Appellant insists that he was entitled to a directed verdict on the ground that appellee had made no reasonable effort to collect directly from her former husband the amounts due her under the property settlement. In our view, the reasonableness of appellee's efforts to collect directly from her former husband was a question for the jury. Among other things, the record reflects that appellee brought an action against the holder of certain notes received by her ex-husband as part of the purchase price for the real property which he sold preparatory to absconding. In that action, to which her former husband was made a party by constructive service, appellee attempted to have her former husband declared to be the real and beneficial owner of the notes in question and to fasten a lien on such notes by equitable garnishment. This suit was unsuccessful at the trial level, and an appeal was prosecuted to this court, wherein we affirmed the action of the trial court in denying relief to appellee. See Haley v. Greenhaw, 235 Ark. 481, 360 S.W.2d 753.

In addition to prosecution of the cited case, appellee testified to an unsuccessful search for property owned by her ex-husband in Arkansas and further testified that her attorneys had unsuccessfully attempted to collect the money from Dr.
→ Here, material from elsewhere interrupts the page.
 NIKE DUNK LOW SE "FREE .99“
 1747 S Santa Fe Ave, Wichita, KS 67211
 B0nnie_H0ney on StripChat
Haley in Louisiana.

Appellant suggests other steps which appellee might have pursued in attempting collection directly from the assets of her former husband. Without commenting upon the efficary of such propositions advanced by appellant, it is sufficient to say that there was an issue of fact on this question and appellant was not entitled to a directed verdict on this theory.

IV.

In an apparent attempt to establish that Dr. Haley could still be compelled to pay appellee the amounts due her, appellant on cross-examination propounded a question to appellee...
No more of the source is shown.